La scuola corrotta nel paese guasto Quattordicesimo capitolo. Terza parte



La mattina seguente dormimmo a lungo. Il pomeriggio andammo a Marina di Ravenna.  Durante il viaggio le svelai la mia pena dell'ultima settimana  nella quale  mi ero  sentito  trascurato, e  confessai anche la sofferenza della sera prima per il fatto che, finita la commedia, lei non si era rivestita subito e mi aveva negletto. Del bacio a Felice, il cui pensiero, pur non straziandomi, mi punzecchiava, non feci parola, poiché in fondo poteva essere giustificato come esigenza scenica.
Rispose che il mio desiderio di non vederla girare in mezzo al pubblico con quella calzamaglia trasparente poteva essere legittimo, ma la preparazione, la recita stessa, e l'immediato doporecita, l'avevano impegnata tanto, sia nella mente, sia nel fisico, che nemmeno se glielo avessi chiesto avrebbe potuto stare con me più di così. Su questo punto fui io a darle ragione, sicché ci trovammo d'accordo. Tanto che, arrivati alla spiaggia, ci venne voglia di fare l'amore subito, in un luogo qualunque, purché un poco riparato dagli sguardi altrui. Insomma come ai bei tempi. Ma erano solo gli ultimi guizzi di una fiamma lontana[1] e morente.
Ci chiudemmo in un capanno e ci masturbammo a vicenda. Mi  venne in mente un'espressione carica di amore e odio di I fratelli Karamazov: "Prima mi facevano languire soltanto le flessuosità del suo corpo infernale, ma adesso tutta la sua anima l'ho trasfusa nella mia, e grazie a lei anch'io sono diventato un uomo!"[2]. Per un poco di tempo sperai ancora una volta che i nostri orgasmi si sarebbero elevati fino all'intesa spirituale, alla trasfusione delle anime. 

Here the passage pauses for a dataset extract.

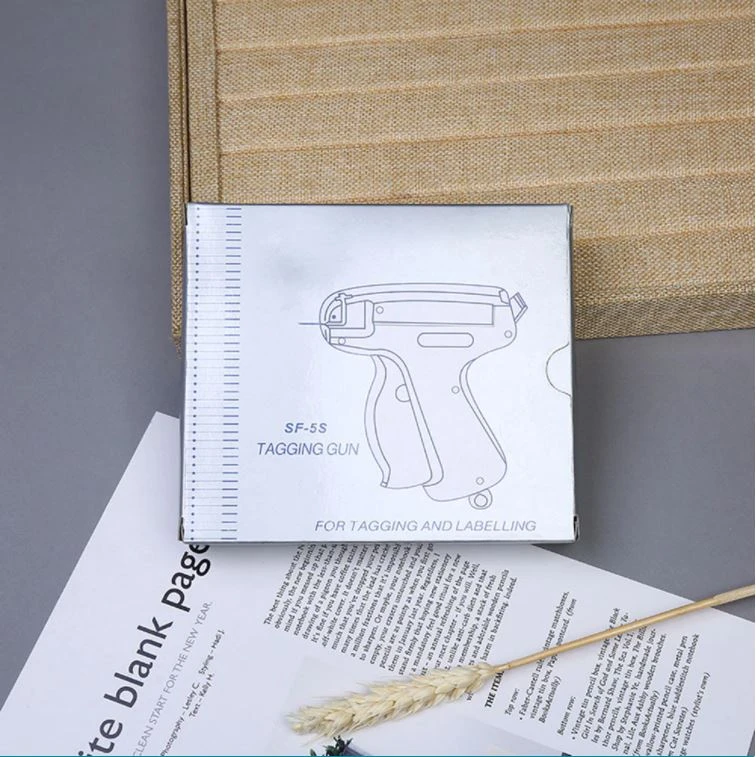 Generic Price Tag Gun with 5 Needles - image 4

Quando uscimmo di lì, stremati per la scomoda posizione e l'aria pesante nella quale ci eravamo scambiati un piacere affannoso, mi domandò:
"Gianni, perché non facciamo un bambino?"
"Quando?"
"Subito".
"Perché subito?"
"Perché io ne ho bisogno subito".
"Possibile?"
"Sì, adesso mi sento molto infelice".
"Non mi sembra un motivo buono. Aspettiamo di essere più soddisfatti, o almeno più equilibrati. Potremo farlo allora. Tu ieri sei stata brava; presto reciterai davvero, a teatro, o al cinema, e ti sentirai realizzata; io ricomincerò a scrivere. Se ci andrà bene,  saremo contenti di noi e metteremo al mondo un figlio per renderlo partecipe della felicità nostra".
Dissi queste parole pieno di sincero ottimismo, siccome mi inorgogliva il pensiero che Ifigenia volesse un  bambino da me.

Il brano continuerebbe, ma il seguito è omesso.